Elu à la magistrature suprême, Me Abdoulaye Wade reçoit le rapport du bout des doigts et le jette dans les tiroirs. La continuité de l’Etat reçoit un coup de pilon en plein dans la tronche. Personne n’en reparle plus. Comme son prédécesseur, le Pds se sert à deux mains sur les moyens de l’Etat. Les plus pointus parmi les inspecteurs du Trésor peinent à délimiter les frontières entre la cagnotte de l’Etat et celle du parti gouvernant. Singeant le Ps, le Pds déménage de son trou à rats de la Place de l’Obélisque (Colobane) pour se construire un siège digne de son nouveau statut de parti au pouvoir sur la Vdn. Rien ne permet de tracer la provenance du financement ni sa licéité. Au même moment, les libéraux accusent leur bête noire, le Ps, de bénéficier des subsides du «camarade» Gbagbo. C’est le voleur qui crie au voleur. Cela alimente la chronique médiatique pendant un moment puis retombe, comme il est de coutume au Sénégal.

Loi du silence

En janvier 2009 éclata une polémique à Dakar. L’ancien Premier ministre, Macky Sall, devenu opposant, était mis en cause par le gouvernement dans une affaire de blanchiment. Le ministère de l’Intérieur, alors dirigé par Cheikh Tidiane Sy, avait fait état dans un communiqué de «l’existence d’un réseau de blanchiment d’argent sale impliquant Macky Sall (…) et Abdoulaye Sall, de nationalité sénégalaise résidant au Gabon. Dans le cadre de l’enquête ouverte, les services compétents ont alors intercepté des correspondances avec un chef d’Etat africain tendant à avaliser l’idée que les fonds incriminés proviendraient de ce dernier», relayait le communiqué, sans plus de précision sur l’identité du chef d’Etat en question. Macky Sall affirmera n’avoir «jamais reçu un franc du Président (gabonais Omar) Bongo» mais a admis lui avoir écrit pour demander des «conseils» et un «soutien». L’actuel président de la République du Sénégal a, durant l’interrogatoire, également démenti avoir reçu des fonds en provenance du Burkina Faso.

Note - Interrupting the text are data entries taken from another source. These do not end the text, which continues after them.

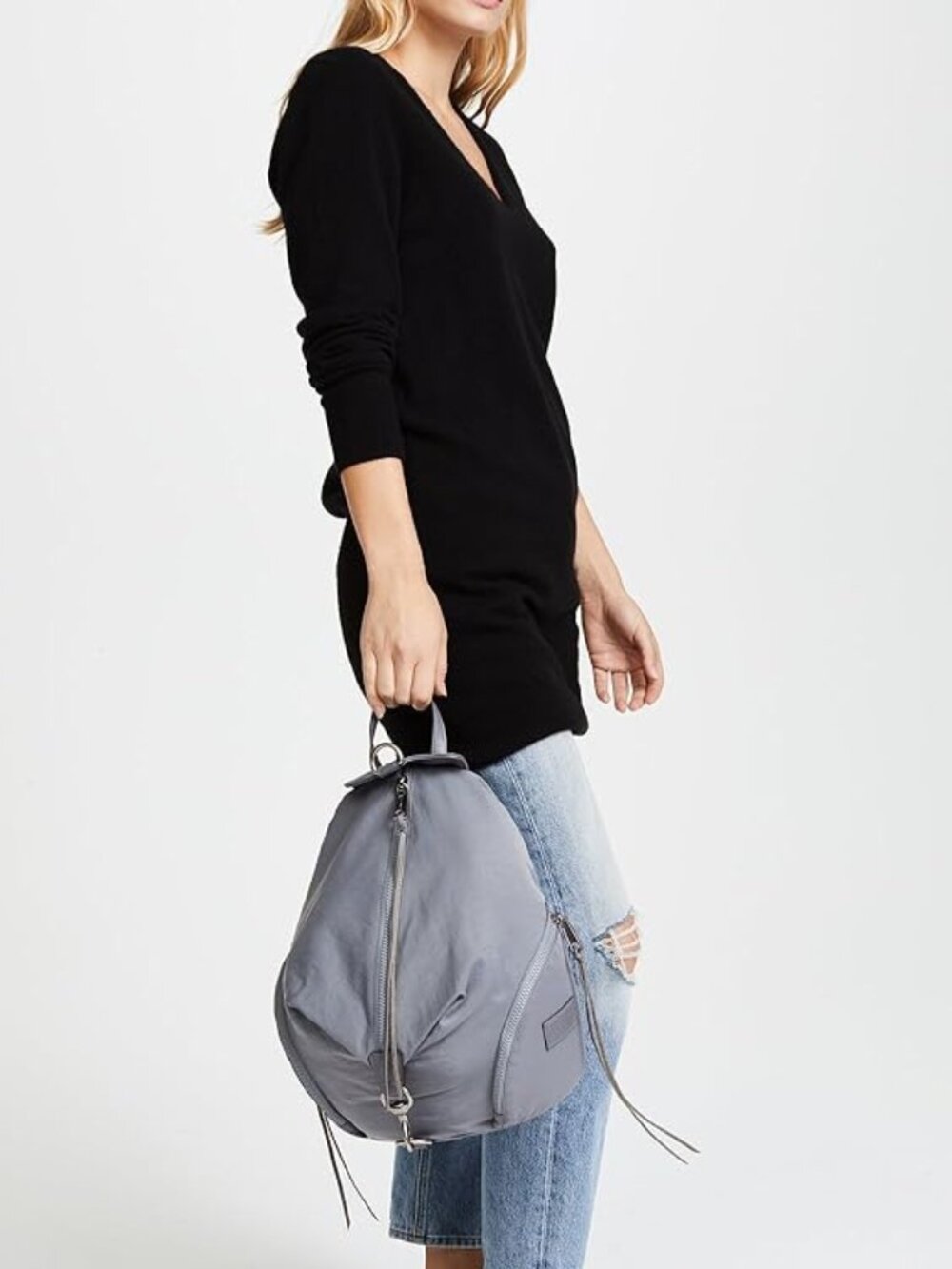 REBECCA MINKOFF Julian nylon backpack ~ quiet luxury comfortable & useful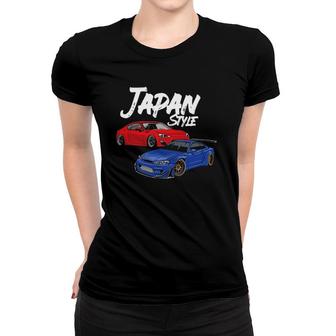 Japan Style Jdm Cars Auto Women T-shirt | Mazezy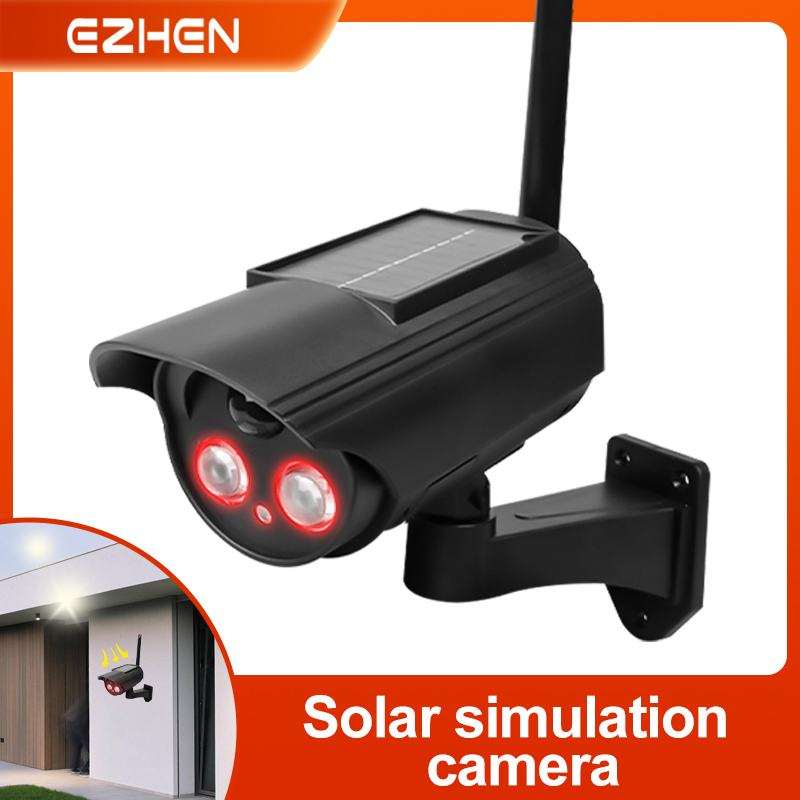 Outdoor Lighting Solar Panel - Outdoor Solar Simulation Camera Waterproof Dummy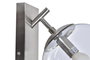 DKD Home Decor Lámpara Aplique Moderno Plateado Metal Cristal 25 x 27 x 20 cm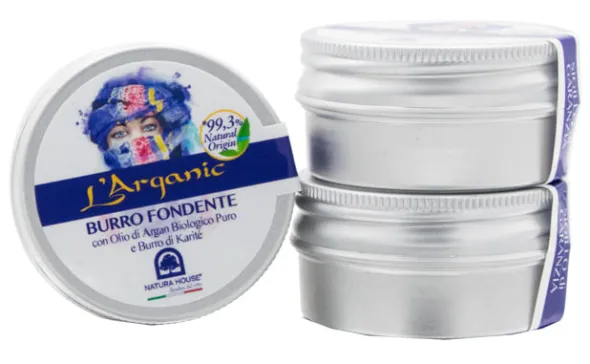 Burro Fondente L'Arganic Argan e Karité per corpo e viso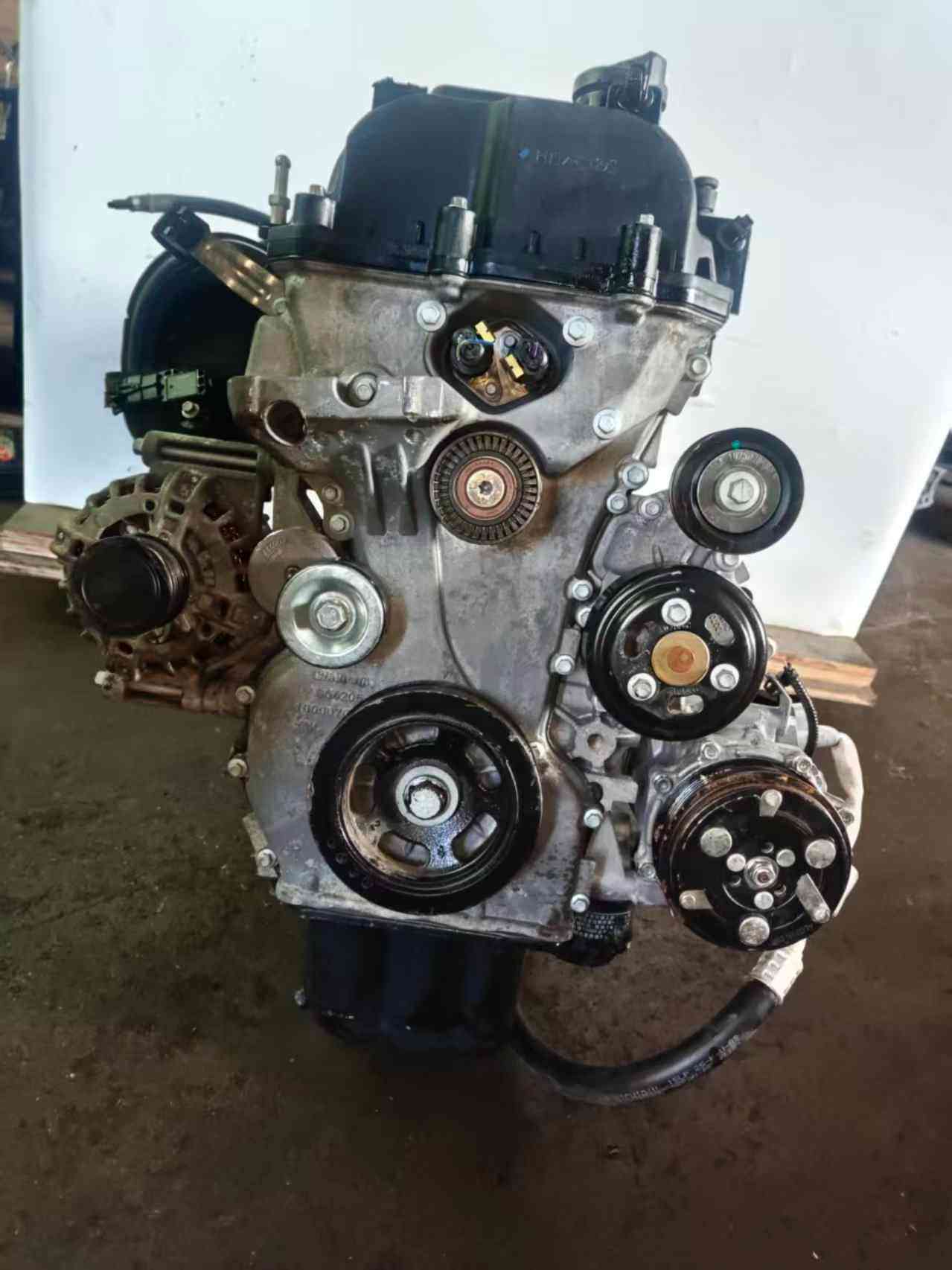 Used Changan JL478QEE engine side view with original parts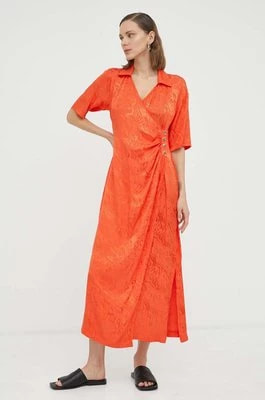 Zdjęcie produktu 2NDDAY sukienka kolor pomarańczowy maxi rozkloszowana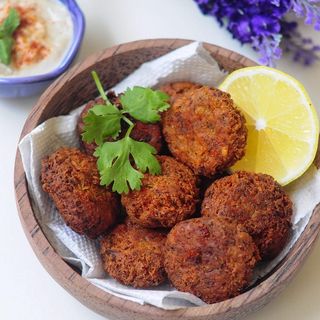 Menú racion falafel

La «cuisine» de quelques heures d’affilée n’aura permis que de classer le dossier sans suite, faute de preuves à même d’emballer le plus «collabo» des juges d’instruction. L’affaire s’en arrête là.

Et quand il accède au pouvoir, au moment de faire voter son référendum, Macky Sall, ancienne victime des «financements occultes», glisse dans son paquet de réformes une phrase lapidaire sur le financement et la modernisation des partis. Une phrase qui reste toujours à l’état de profession de foi, aucune loi organique n’ayant été prise pour sa mise en œuvre. Profitant, elle-même, de ce vide, l’Apr se lance, à son tour, dans un grand chantier : le financement de son siège. Le patrimoine foncier de la société de transport public, Dakar Dem Dikk, aurait permis de financer la construction de ce joyau qui aurait coûté une fortune colossale. Personne ne sait jusque-là le mode qui a permis, franc après franc, de l’ériger sur les terres convoitées de Mermoz. Tout ce qui reste, c’est une vaine polémique entre le maire de la zone, Barthélémy Dias, et le ci-devant Dg de Dakar Dem Dikk, Me Moussa Diop. Encore que, là aussi, tout espoir de voir la vérité jaillir s’écroule face à la nouvelle «amitié» ostensiblement affichée entre les deux et ayant abouti au retrait de la plainte du second contre le premier pour diffamation.

Arlésienne

Il aura donc fallu cette affaire de «Nemmékou tour», fundraising des pastéfiens qui, en 48 heures, a permis de brasser plus d’une centaine de millions de francs Cfa pour voir le dossier du financement des partis ressurgir. Mais, tout se passe comme si pouvoir et opposition se sont entendus pour ne jamais s’entendre sur l’absolue nécessité de légiférer sur ce serpent de mer. A l’ère des flux financiers illicites, ce «je te tiens par la courbette, tu me tiens par la barbichette», anachronisme démodé, trouve bien justification d’être envoyé six pieds sous terre.